> **What to produce**: Your answer should hold exactly the lines below from the line with "Đội Âm vang" through the line with "125 Frederick Dr - Photo 4 of 46", both included, and no pictures at all.

> **Entries shown**:
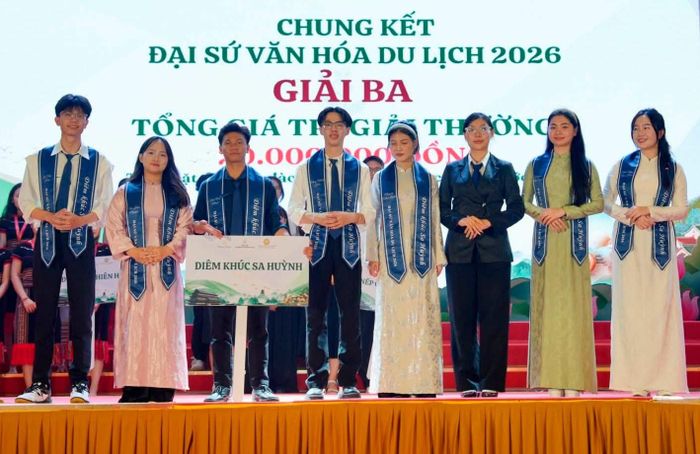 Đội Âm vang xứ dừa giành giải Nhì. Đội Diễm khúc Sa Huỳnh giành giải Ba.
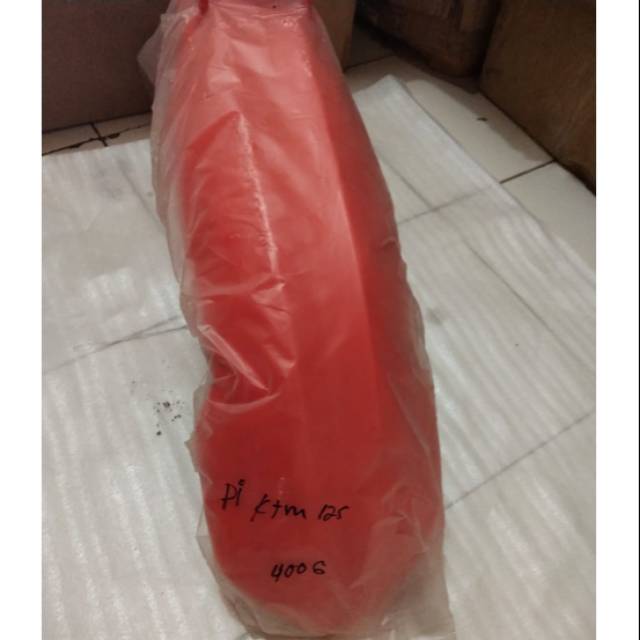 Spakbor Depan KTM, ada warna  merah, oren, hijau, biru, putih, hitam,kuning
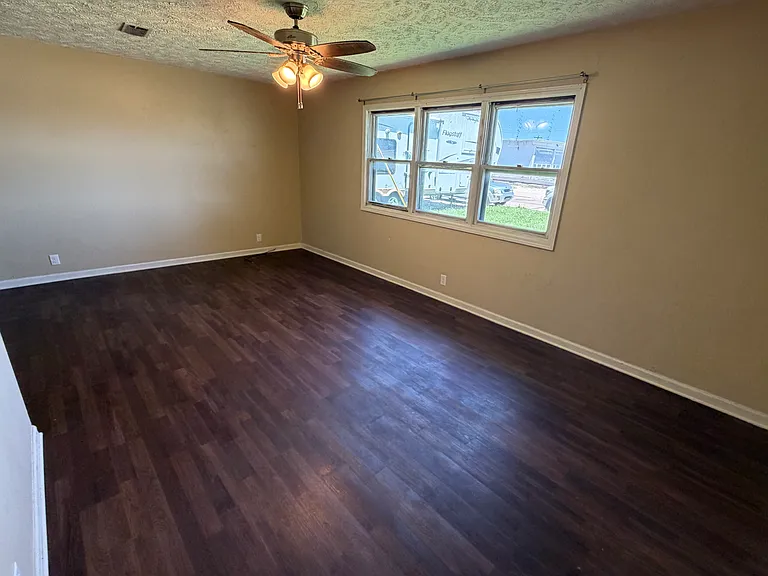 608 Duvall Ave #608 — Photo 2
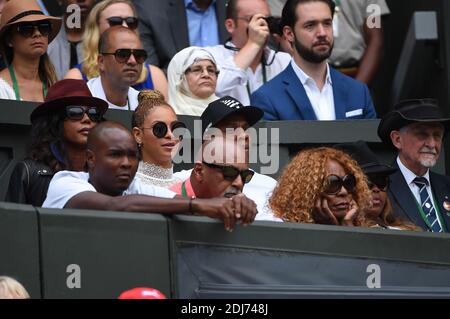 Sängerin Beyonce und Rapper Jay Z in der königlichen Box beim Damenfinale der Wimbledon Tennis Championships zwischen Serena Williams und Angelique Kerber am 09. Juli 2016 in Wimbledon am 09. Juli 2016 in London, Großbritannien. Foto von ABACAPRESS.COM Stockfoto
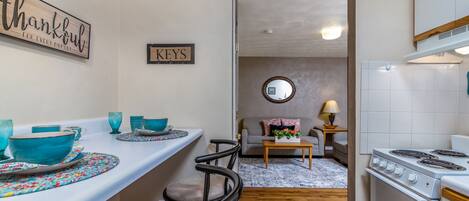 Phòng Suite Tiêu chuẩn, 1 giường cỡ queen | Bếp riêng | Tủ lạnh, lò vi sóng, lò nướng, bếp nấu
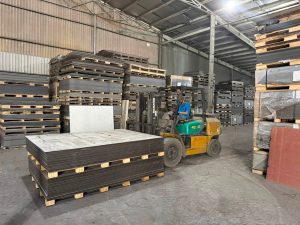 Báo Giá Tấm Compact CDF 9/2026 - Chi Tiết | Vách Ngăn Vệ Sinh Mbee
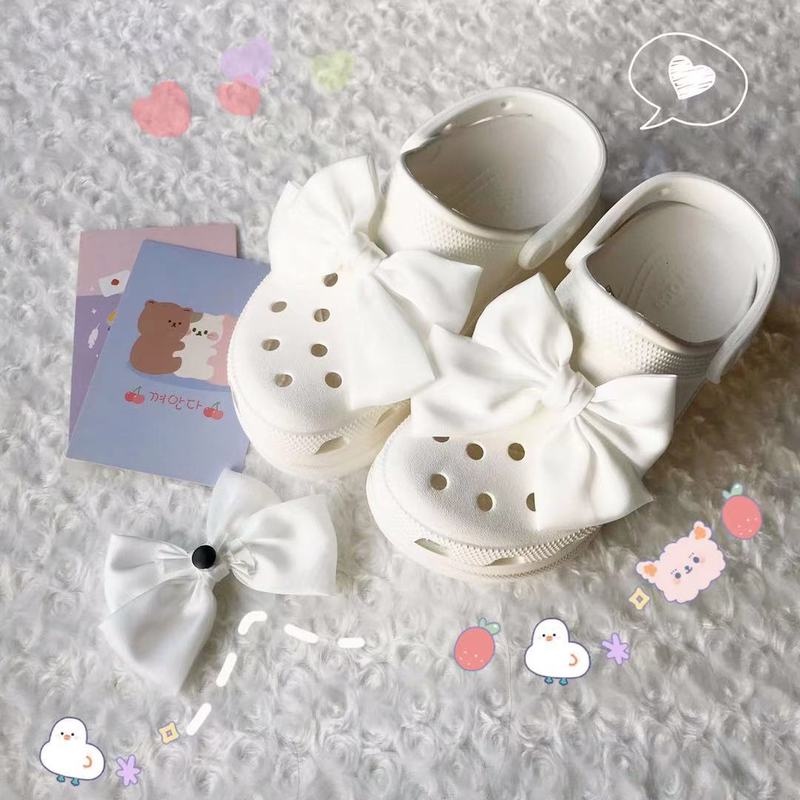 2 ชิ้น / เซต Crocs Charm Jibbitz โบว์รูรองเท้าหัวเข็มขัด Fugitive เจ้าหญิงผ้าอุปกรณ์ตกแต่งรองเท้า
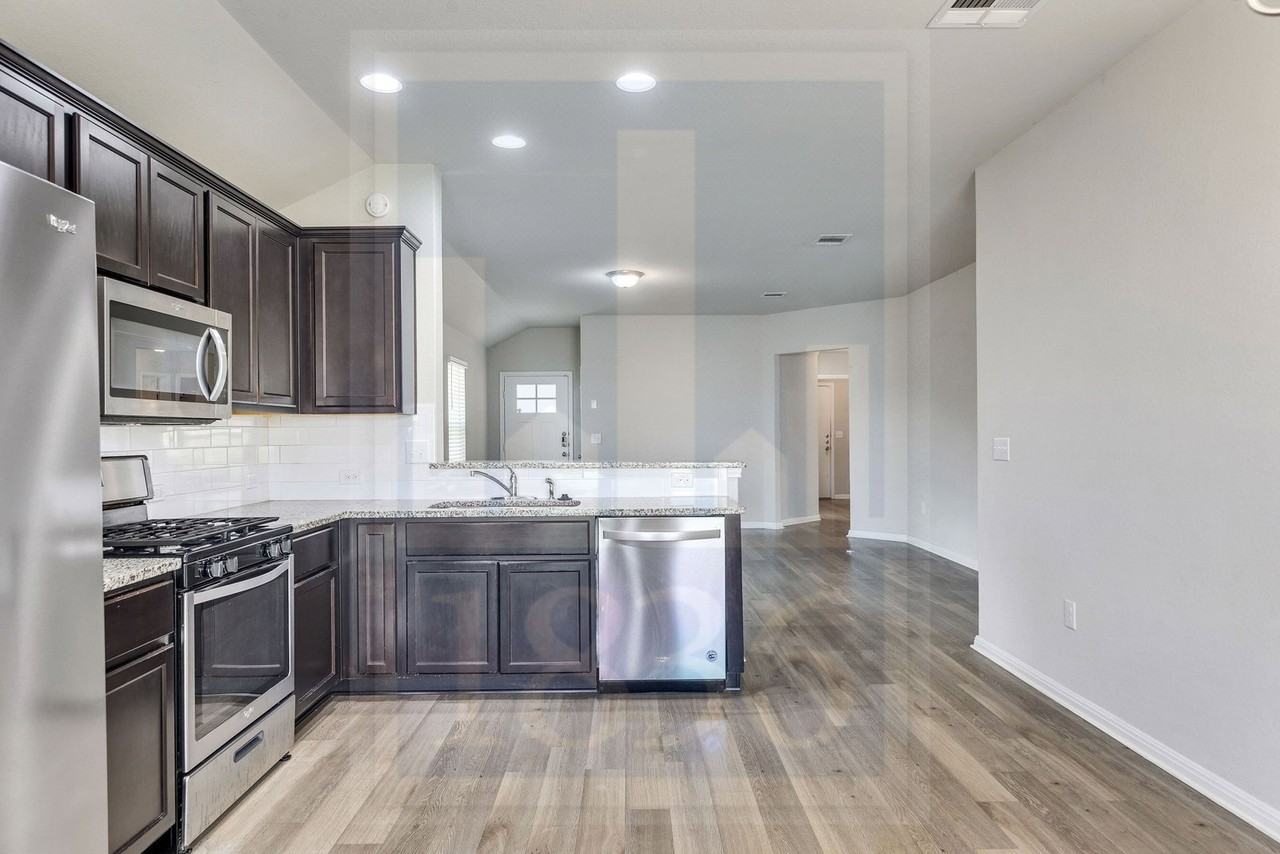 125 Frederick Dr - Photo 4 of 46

* * *

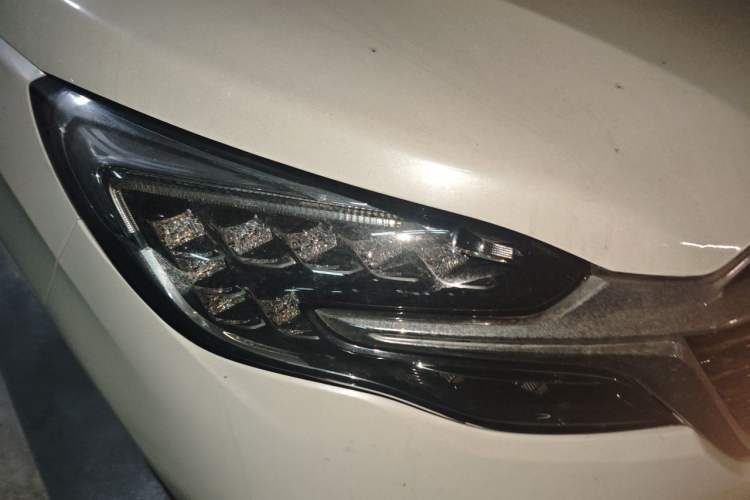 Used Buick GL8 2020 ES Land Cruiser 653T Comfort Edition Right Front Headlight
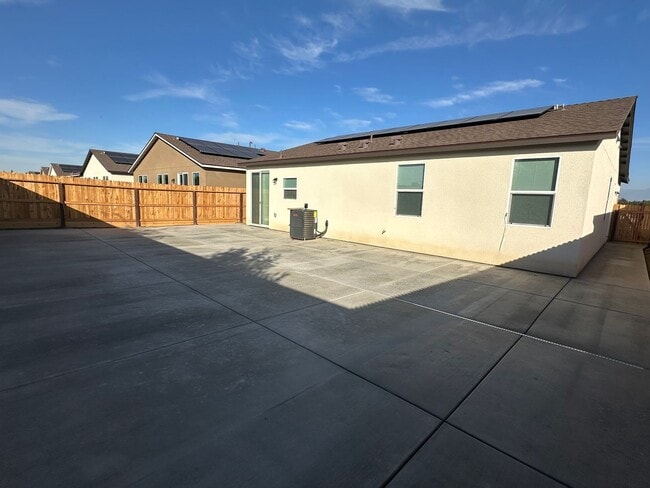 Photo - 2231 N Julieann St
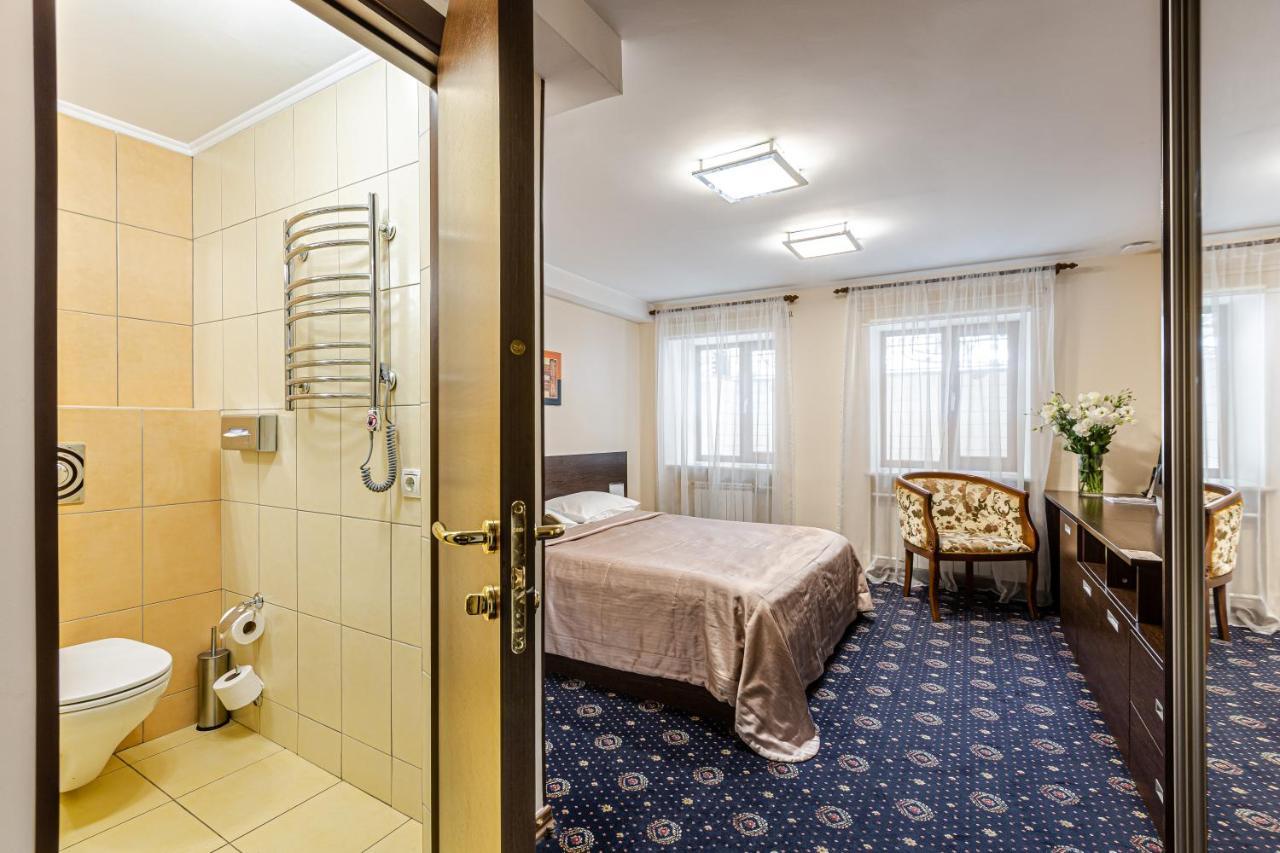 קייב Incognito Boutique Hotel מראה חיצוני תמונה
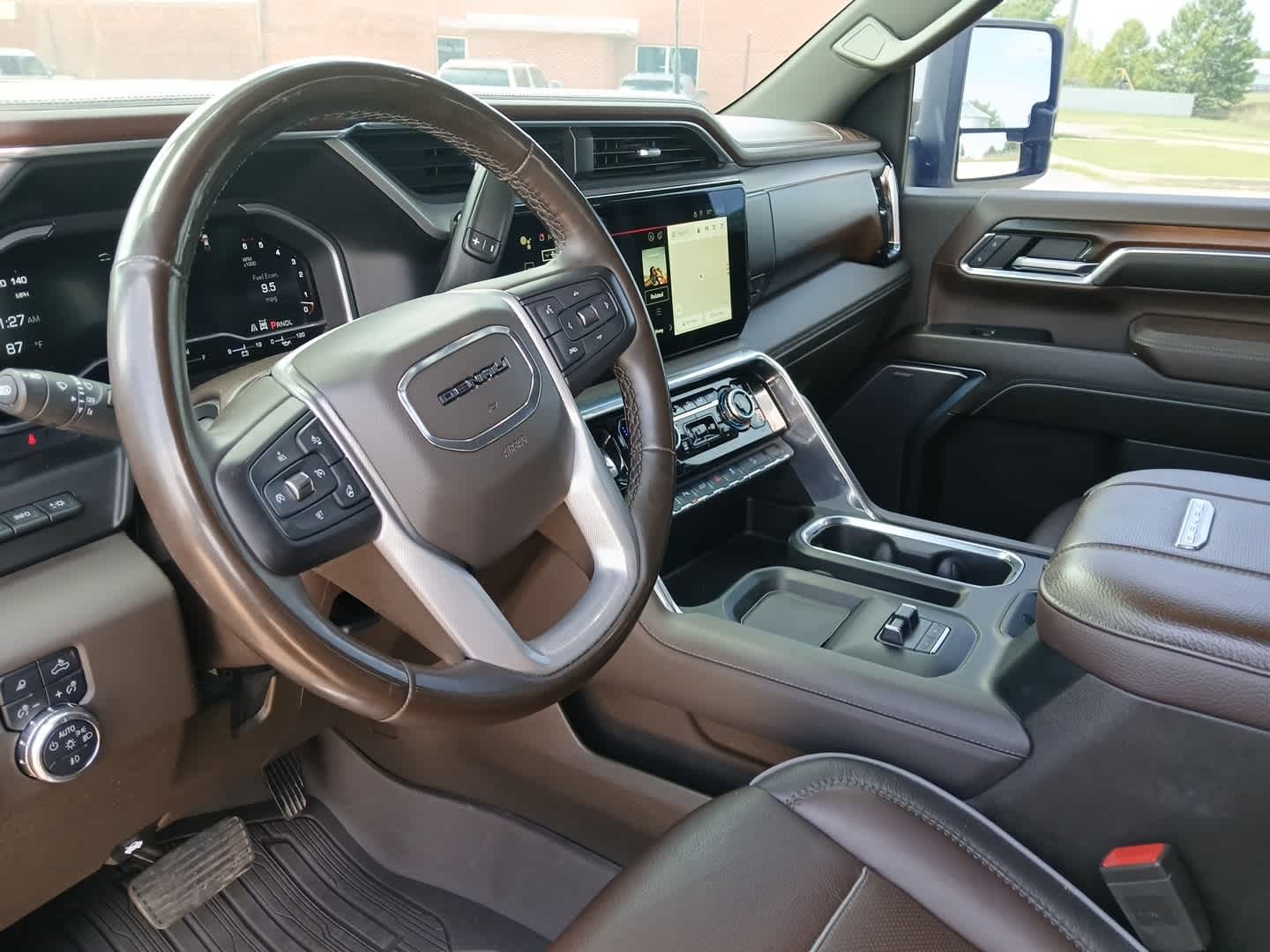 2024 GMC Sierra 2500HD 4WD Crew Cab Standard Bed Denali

* * *

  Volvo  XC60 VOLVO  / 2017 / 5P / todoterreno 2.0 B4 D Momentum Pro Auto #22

> **Task response**:
 Đội Âm vang xứ dừa giành giải Nhì. Đội Diễm khúc Sa Huỳnh giành giải Ba.
 Spakbor Depan KTM, ada warna  merah, oren, hijau, biru, putih, hitam,kuning
 608 Duvall Ave #608 — Photo 2
 Sängerin Beyonce und Rapper Jay Z in der königlichen Box beim Damenfinale der Wimbledon Tennis Championships zwischen Serena Williams und Angelique Kerber am 09. Juli 2016 in Wimbledon am 09. Juli 2016 in London, Großbritannien. Foto von ABACAPRESS.COM Stockfoto
 Phòng Suite Tiêu chuẩn, 1 giường cỡ queen | Bếp riêng | Tủ lạnh, lò vi sóng, lò nướng, bếp nấu
 Báo Giá Tấm Compact CDF 9/2026 - Chi Tiết | Vách Ngăn Vệ Sinh Mbee
 2 ชิ้น / เซต Crocs Charm Jibbitz โบว์รูรองเท้าหัวเข็มขัด Fugitive เจ้าหญิงผ้าอุปกรณ์ตกแต่งรองเท้า
 125 Frederick Dr - Photo 4 of 46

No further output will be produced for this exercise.